### The data
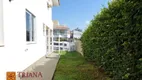 Foto 24 de Casa com 3 Quartos para alugar, 174m² em Coqueiros, Florianópolis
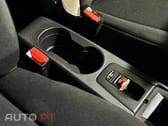Renault Zoe (c/ Bateria) Limited 50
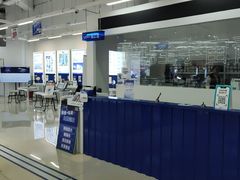-优购镜仓(黄岛吾悦店)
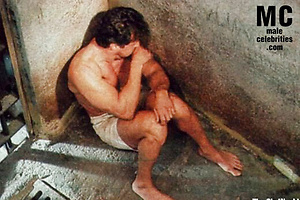 Sylvester Stallone mix pix by Male Stars image 12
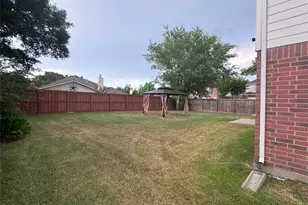 17002 Judyleigh Dr, Houston, TX 77084 - Photo 38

### Exercise objective
Beginning with the line containing "-优购镜仓(黄岛吾悦店)" and ending with the last line of the listing above, output those lines exactly as written, without pictures.

### Written answer
-优购镜仓(黄岛吾悦店)
 Sylvester Stallone mix pix by Male Stars image 12
 17002 Judyleigh Dr, Houston, TX 77084 - Photo 38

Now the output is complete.